La fonction de l'interprétation musicale est de métamorphoser l'élément idiomatique en élément neumatique, au moyen de l'élément mensuraliste (p. 132). Idiomatique désigne le langage musical préexistant, neumatique nomme l'élément structurel à extrapoler des signes, mensuraliste se rapporte à tout ce qui par les signes s'affirme univoque. L'interprétation est sans intentionnalité, la lecture d'une partition donne à entendre des sons quelles que soient les indications de lecture laissées par le compositeur. Celles-ci ont des rapports singuliers avec l'oubli et l'exercice des mémoires implicites.

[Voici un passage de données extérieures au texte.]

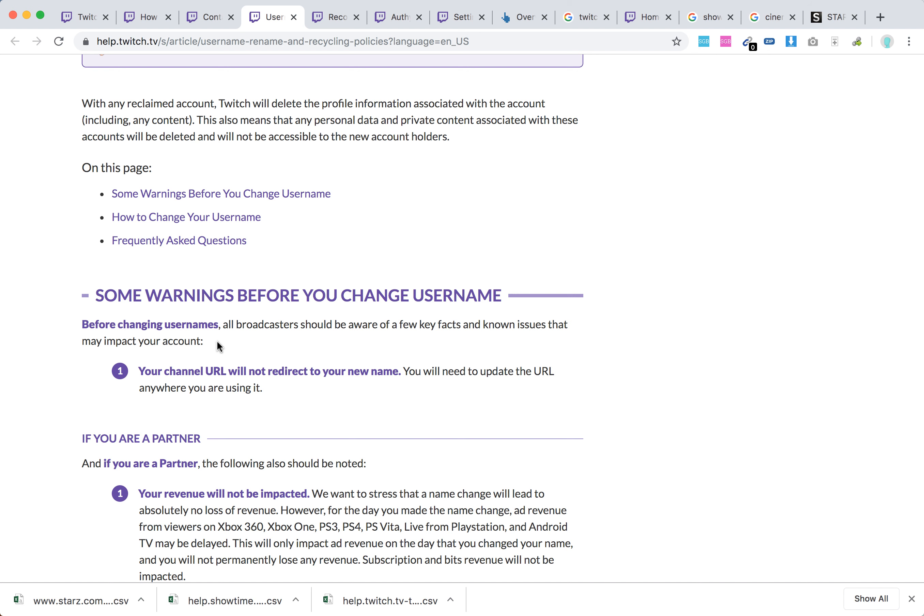Your channel URL will not redirect to your new name. You will need to update the URL anywhere you're using it. That's pretty annoying actually, if you have a few blogs or something like that linking to that page.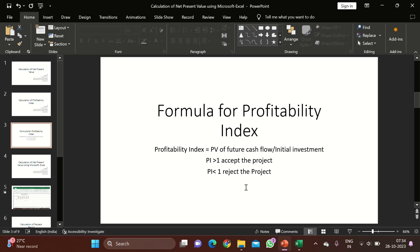The rule for accepting and rejecting a project is: if the profitability index value is more than one, we should accept the project. If the profitability index value is less than one, we should reject the project.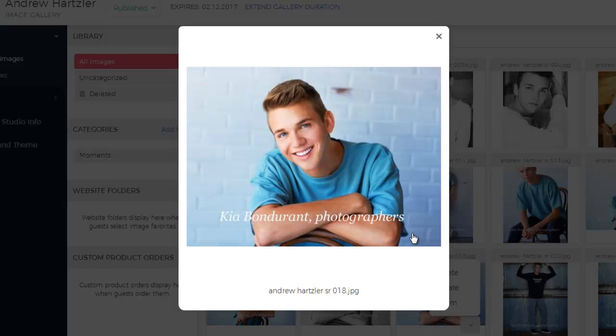And there you have it. That is how you add watermarks to your gallery. If you have any additional questions about the setup, please do not hesitate to reach out to our support team. And as always, thanks for watching.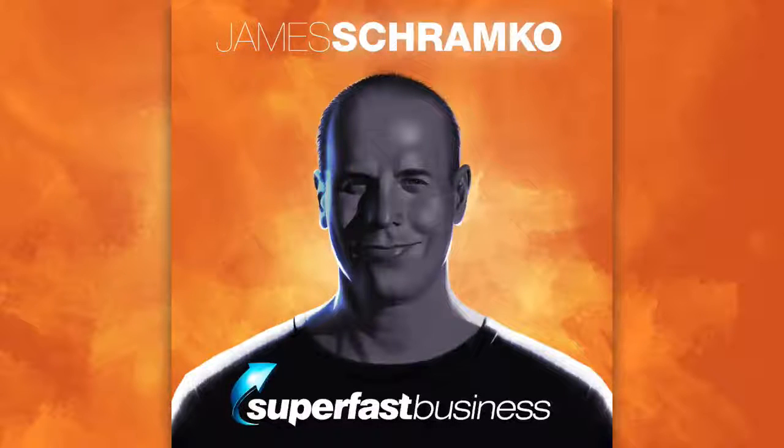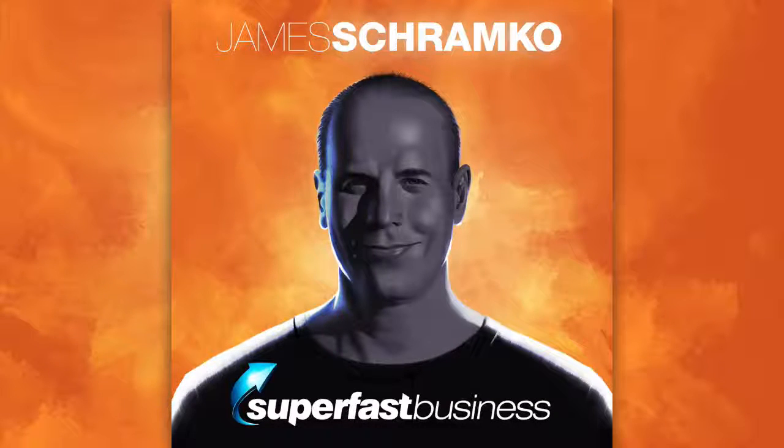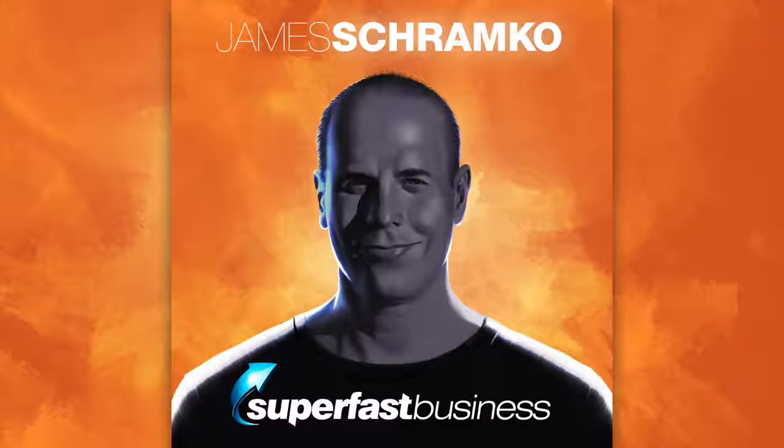This is Superfast Business with James Schramko, helping you build your business super fast.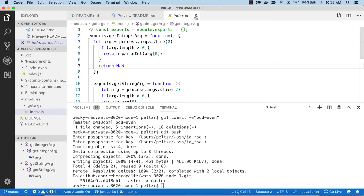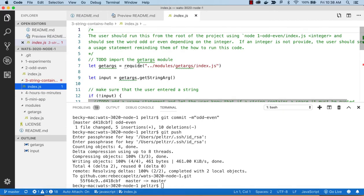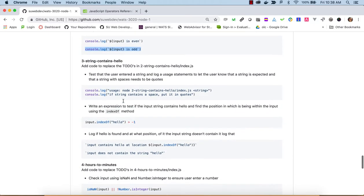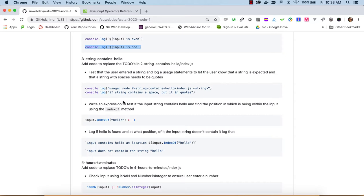Now let's look at number 3. Here we're going to let the user enter a string on the command line and see if we can find the string 'hello' in it. If we find it, we report back the position where it started. If we don't, we report that it doesn't contain that string. We set up another usage statement.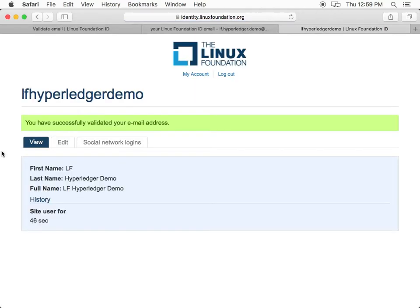Your Linux Foundation ID is now ready to use. Next, we will add a social login.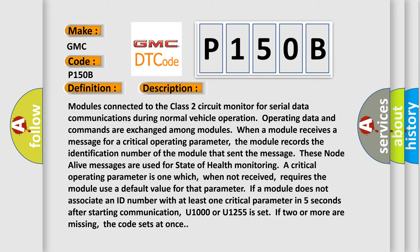A critical operating parameter is one which, when not received, requires the module use a default value for that parameter. If a module does not associate an ID number with at least one critical parameter in five seconds after starting communication, U1000 or U1255 is set. If two or more are missing, the code sets at once.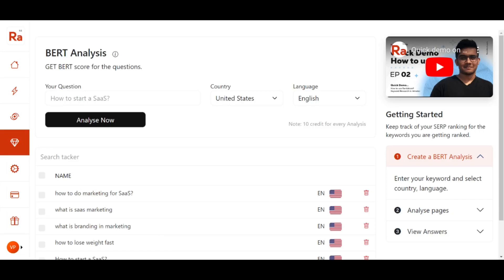A very warm welcome from Team Rank I Talk. In this video, we will be having a walkthrough of the BERT Analysis feature. Without further ado, let's get started.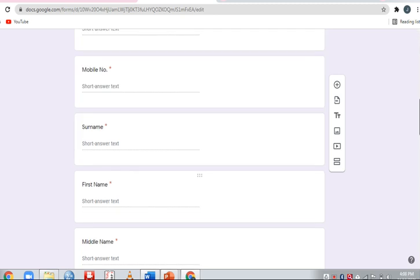Enter your mobile number in the form. This should be a number where you can be contacted. Make sure the mobile number is correct.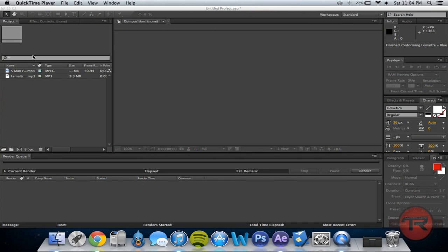What's up guys? T-Rom here. I'm bringing you a quick little tutorial today on how to sync gunshots in After Effects.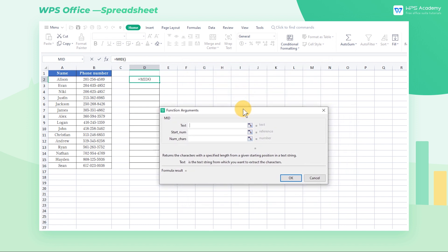Then we can see the Function Arguments dialog. There are three arguments in the MID formula: Text, StartNum, and NumCares.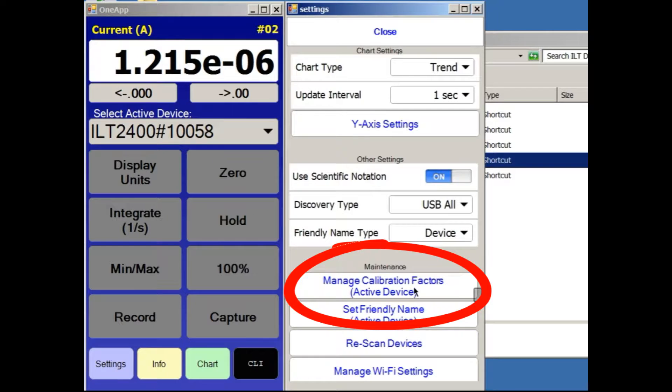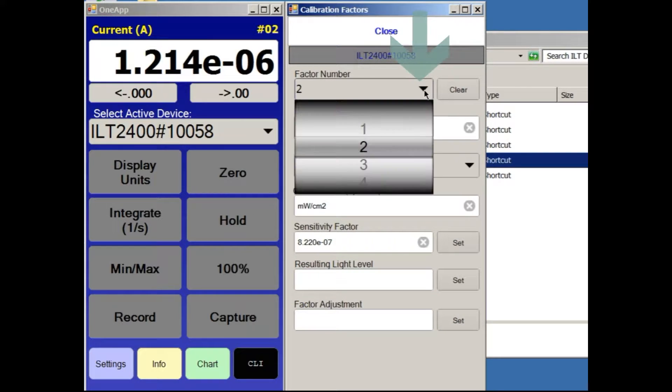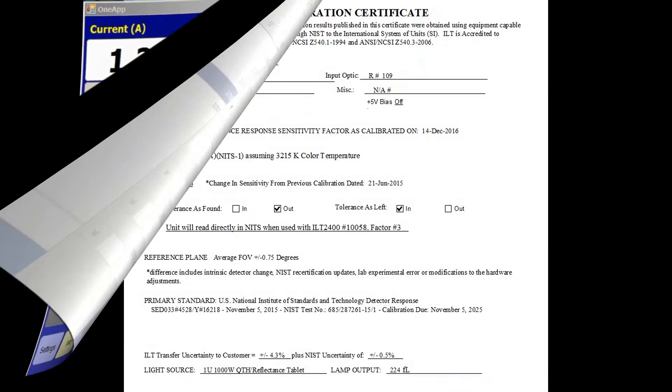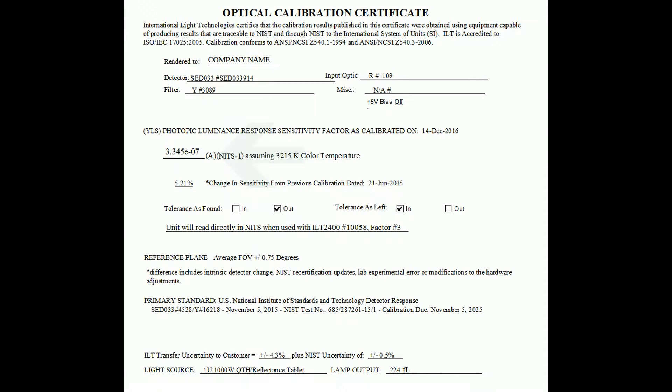Use the factor number scroll bar to select the next empty factor number slot, in this example Factor 3. Then, locate the calibration factor from the calibration certificate.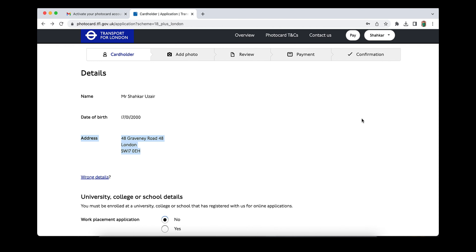Select whether you are studying full-time or part-time. For example, I entered a one-year course and selected full-time. Then choose your university — for example, I selected the University of Ukraine as a demo. Enter your student enrollment ID number, which you can find on your student card. Enter the start date and end date of your course — I am using random dates — then click Next.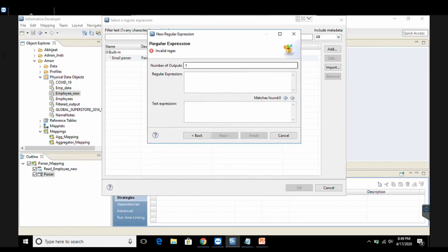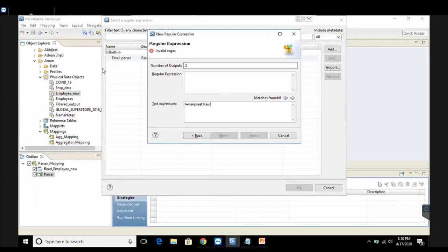I click on regular expression and click on choose. There is already a built-in regular expression for parsing email addresses into multiple columns. For full name I'll add a new regular expression: click on add, give the name full_name_parser, and the description says it splits the column into first name and last name. Click on next. I need to mention the number of output columns — since full name has two values, first name and last name, the output columns will be two.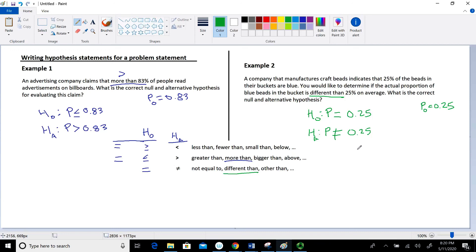Hopefully this video shows you how to identify hypothesis statements from a problem statement and write those hypothesis statements. In future videos, I'll talk about how to use the hypothesis statement to calculate your P value and other related topics.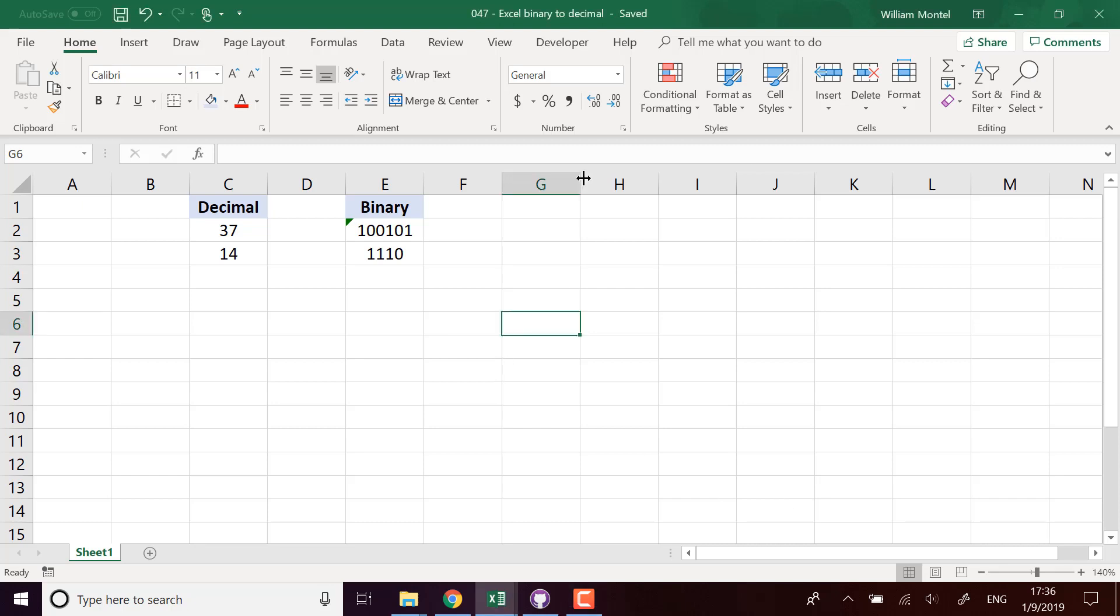Hello Excel Champions, it's William aka DrExcel. Today I want to show you which functions you use in Excel to go from decimal numbers to binary numbers.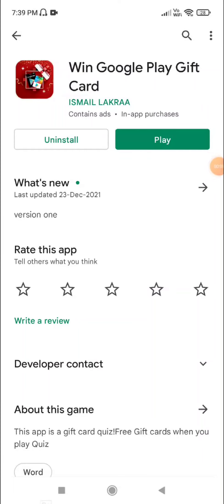Hello guys, today I am going to tell you about an app. I am going to tell you how to win a Google Play gift card — what you need to do in this app, how you get a Google Play gift card, which you can call a redeem code app. Is it real or fake? I am going to tell you in this video, so let's go.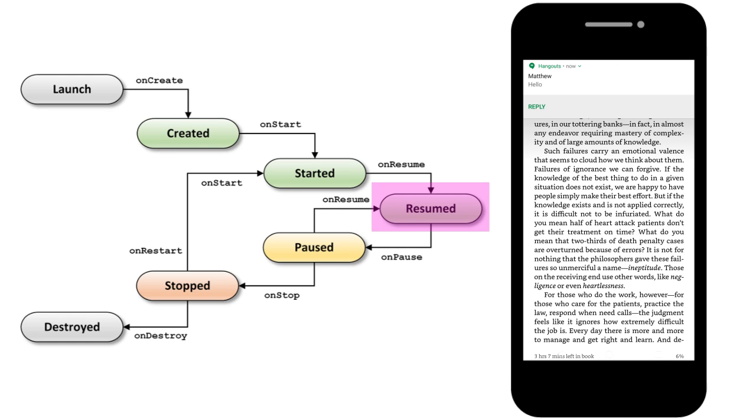If another app interrupts the activity, the activity enters the paused state. In this state, the activity is still partially visible but can no longer take any input or execute any code.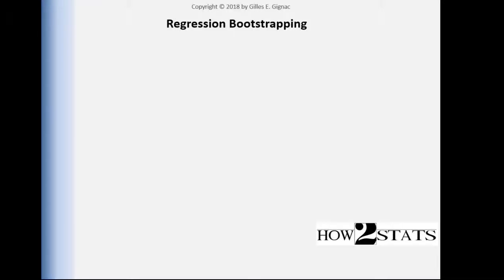In this video I'm going to demonstrate how to conduct bootstrapping analyses in SPSS with respect to regression. This will give you an alternative way to get a p-value and confidence intervals for data, any type of data really, but especially when you have data that are non-normally distributed.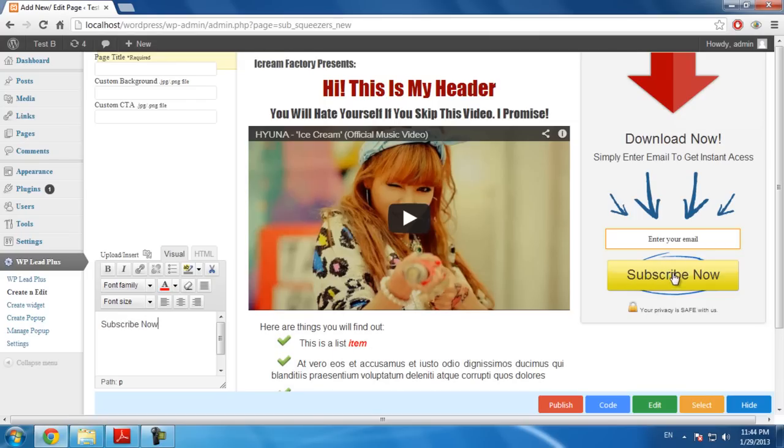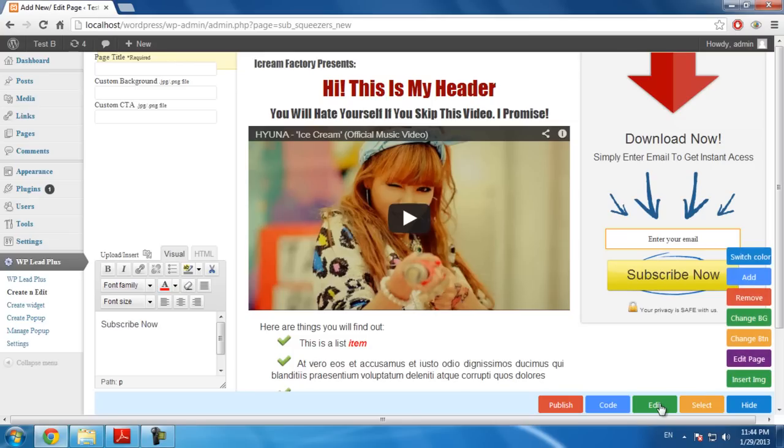Now, if you don't want to use this button, you can click on Edit. Change BTN stands for Change Button.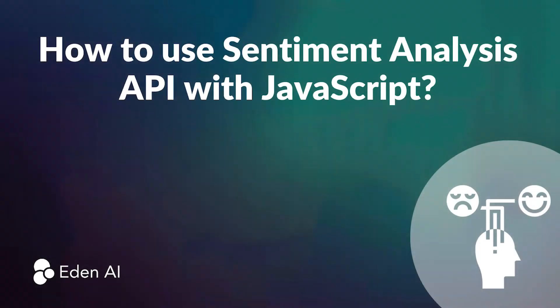Hi guys, my name is François and I am a developer at EdenAI. Today I propose you to discover how to integrate a sentiment analysis API in a JavaScript project. This little project will be a chat in which only positive messages will be accepted.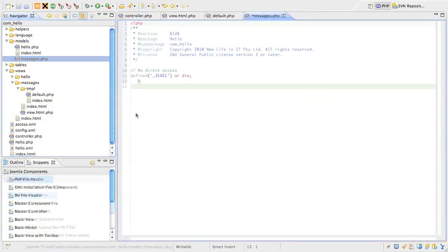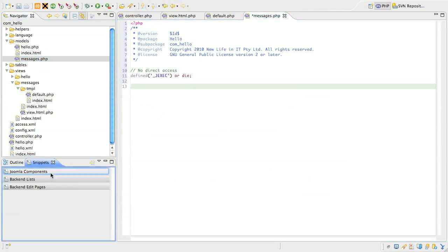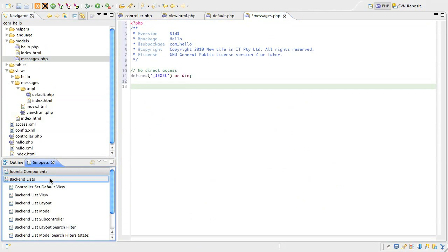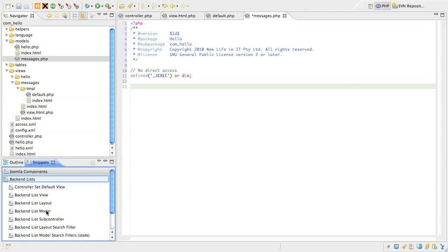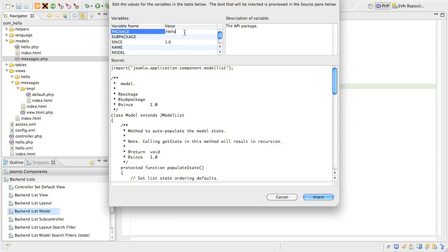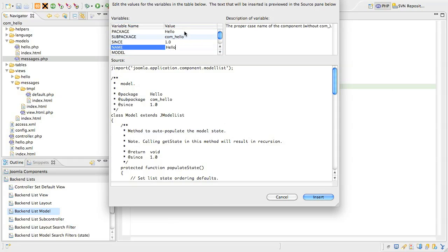Add the header as usual and then find the snippet called basic list model. When the snippet form opens fill in the package and the sub package as usual. Next, type in the name of the component hello in proper case. Then, type in the name of the model. Remember the model name matches the name of the view, so we type in messages in proper case.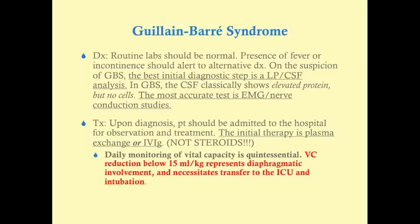Plasma exchange and IVIG are both equally effective — choose one. Do NOT use steroids. Even though this is an autoimmune disorder, steroids are not effective for Guillain-Barré syndrome and are a likely wrong answer on the USMLE. While in hospital, monitor vital capacity at least daily — if it drops below 15 mL/kg or below one liter, that indicates diaphragmatic involvement and the patient needs ICU transfer and very likely intubation.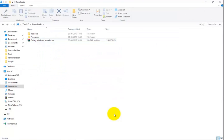Once you are done with the downloading, navigate to the downloads folder and find the recently downloaded RAR file. Unzip all the folders and subfolders.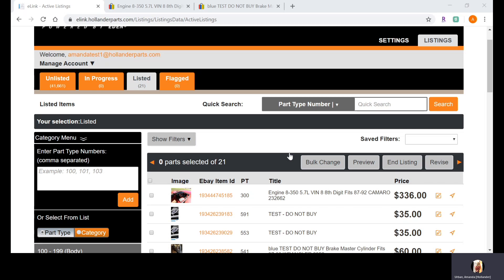If you don't have the manufacturer part number in your eBay listing in the correct place — which I will go into during this webinar — then you're not going to show up in Google search, and more than half of our traffic actually starts in Google search. Similarly, buyers who start in eBay and search using the manufacturer part number will not find your listing if it's not in the proper place.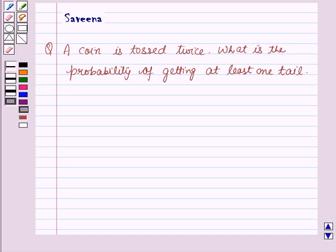Hello and welcome to the session. In this session we will discuss a question which says that a coin is tossed twice. What is the probability of getting at least one tail?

Ce ne sont ici que quelques aperçus d'un livre assurément important du philosophe, musicien, musicologue et sociologue de Francfort, qui fait voir de l'intérieur sa pensée tournée vers ses autres écrits.

 

La poésie à sa façon, l'alphabet renvoyant quant à lui à une saturation de devoir être et d'injonctions chaotiques, ne manque pas de pratiquer l'interprétation, ainsi que Bernard Heidsieck l'a établi pour ses partitions. La poésie typographique et les poètes pratiquant la mise en page signifiante participent de ce désir de transmettre les sensations au plus près de la création de leurs poèmes, d'État d'Albiach, de Mathieu Bénézet à Michel Crozatier dans son livre (Poème), 1 2 3 4 5 6, alors que Gerard Manley Hopkins a noté les accents dans ses sonnets terribles afin de conduire le lecteur au cœur de ses compositions et que Paul Celan a écrit dans des livres, dans leurs marges, la plupart des poèmes de Fadensonnen, soit un fait poétique répondant aussi bien à l'actualité immédiate, aux genres littéraires, qu'à l'histoire de la langue. Mais ces indications imprécises et bien trop générales ne sont fructueuses que si les histoires et les identités de chaque art sont bien établies et étudiées, et non réduites pour s'adapter à un modèle explicatif prédéterminé qui nie la réalité au fur et à mesure qu'elle se présente à lui.